Parallel Batch Review

Last updated: March 30, 2026

Before publishing 81 pages, I needed to check all of them for PII, broken links, employer-sensitive content, factual errors, and AI writing tics. One agent reviewing 81 files sequentially would take forever. So I split the work into batches and spawned six Haiku agents in parallel.

The whole review finished in minutes.

The split was by section, not arbitrary. Each batch gets files that share context, so the agent can notice section-level inconsistencies:

Batch	Scope	Files
1	Essays, Go, Systems, TIL	11
2	Mental Models	8
3	Harness: thesis, sandbox, skills, agents	18
4	Harness: feedback, economics, failure-modes	21
5	Pi-weaver research	23
6	Cross-link and image verification	all

Batches 1–5 each got the same checklist: flag factual inaccuracies, PII (colleague names, internal URLs, task IDs), employer-internal content (service names, proprietary details), reputation risks, broken cross-links, and AI-isms ("tapestry," "landscape," "delve"). Batch 6 was structural: verify every @/pages/... cross-link resolves to an actual file, verify every /images/... reference exists in static/.

Each agent reported back via mesh_send. I collected the six reports and compiled a scorecard.

Result: zero high or medium issues. One low-severity flag: an unverified "top 10% of sessions" claim in the economics page. Fixed it in two minutes.

This is model tiers in practice. Review is read-heavy pattern matching. It does not need frontier reasoning. Haiku is 10-20x cheaper than Sonnet, and for checklist-style review, it is plenty. You would never spawn six Opus agents to grep for PII. You would burn your entire token budget and get the same answer.

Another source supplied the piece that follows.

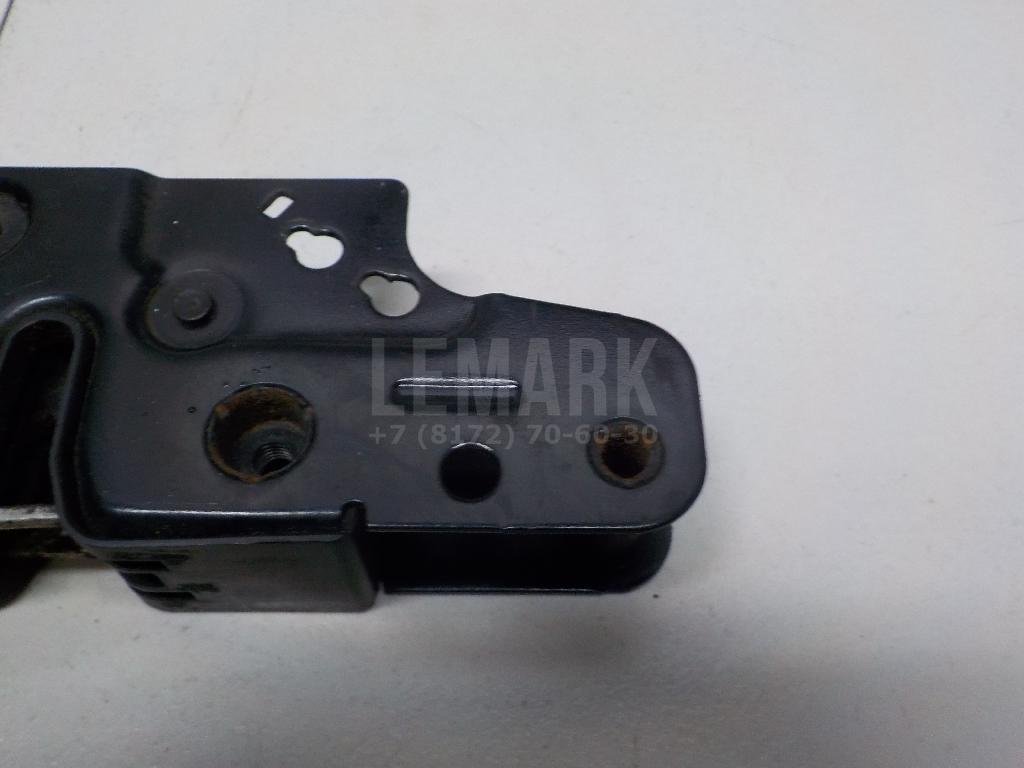 Замок капота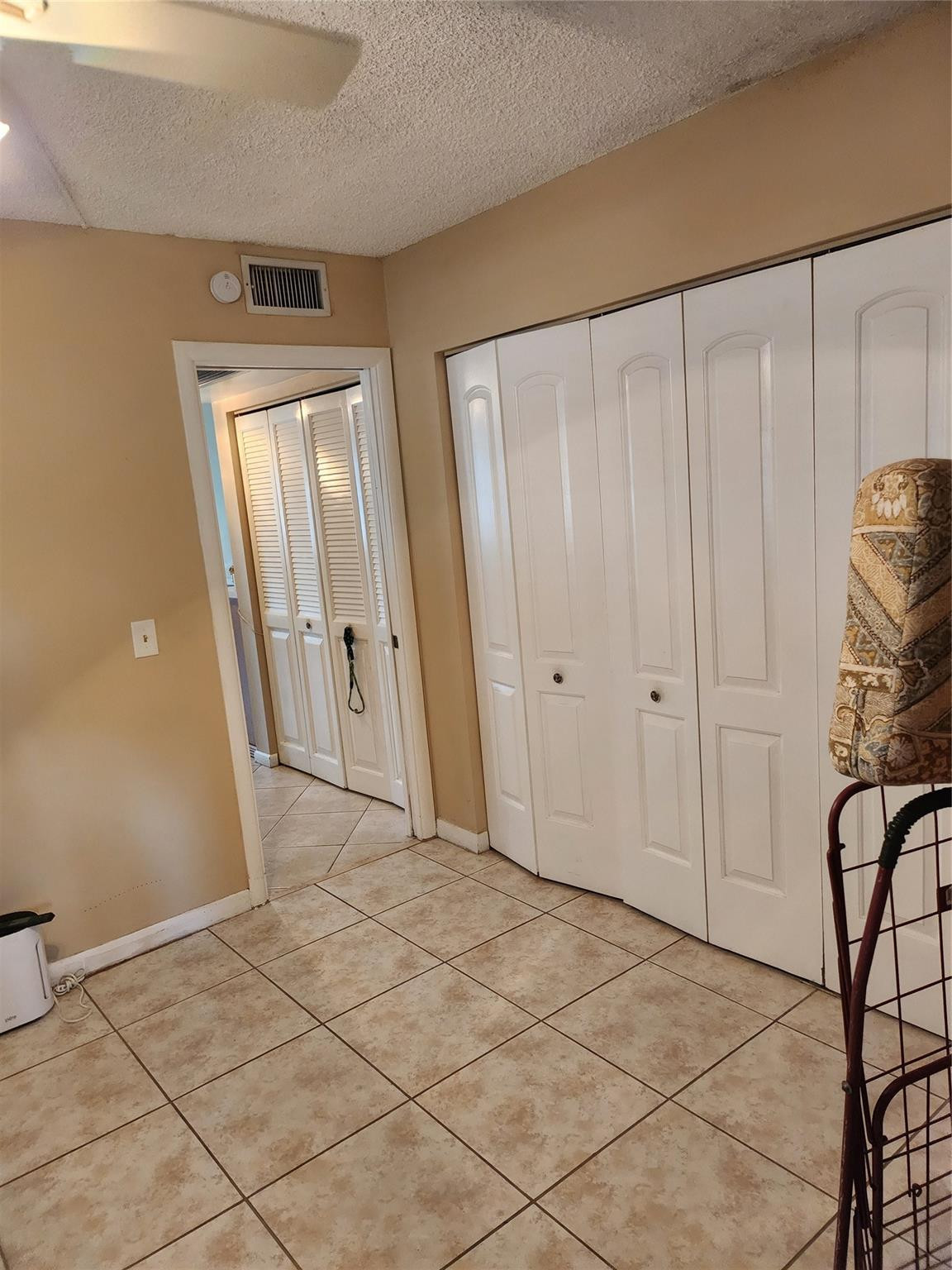 104 Westbury E Property Photo 5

The fan-out/fan-in pattern is simple:

Orchestrator splits work into batches
Spawn one cheap agent per batch with a checklist
Agents review independently, no coordination needed
Each reports findings via mesh
Orchestrator aggregates into a scorecard

The key constraint is that the work must be parallelizable. File-level review is. Each file stands alone. There is no dependency between reviewing nocebo.md and reviewing the-loop.md. That makes it embarrassingly parallel.

When to reach for this pattern: you have 20+ items that need the same treatment, the items are independent, and the task is bounded (checklist, not open-ended judgment). Pre-publish QA. Migration validation. Lint passes. Format checks. Anything where a human would say "I need to check all of these for the same thing."

When not to: if the task requires cross-file reasoning (architecture review, narrative consistency), a single smarter agent reading everything in sequence will do better than six cheap ones reading in isolation.

The interesting failure mode is false confidence. Six agents saying "all clean" feels authoritative. But Haiku can miss subtle issues that Sonnet would catch. For this use case (PII, broken links, obvious AI-isms) it is the right tradeoff. For something like "does the argument in this 2,000-word essay actually hold together," I would use a different model.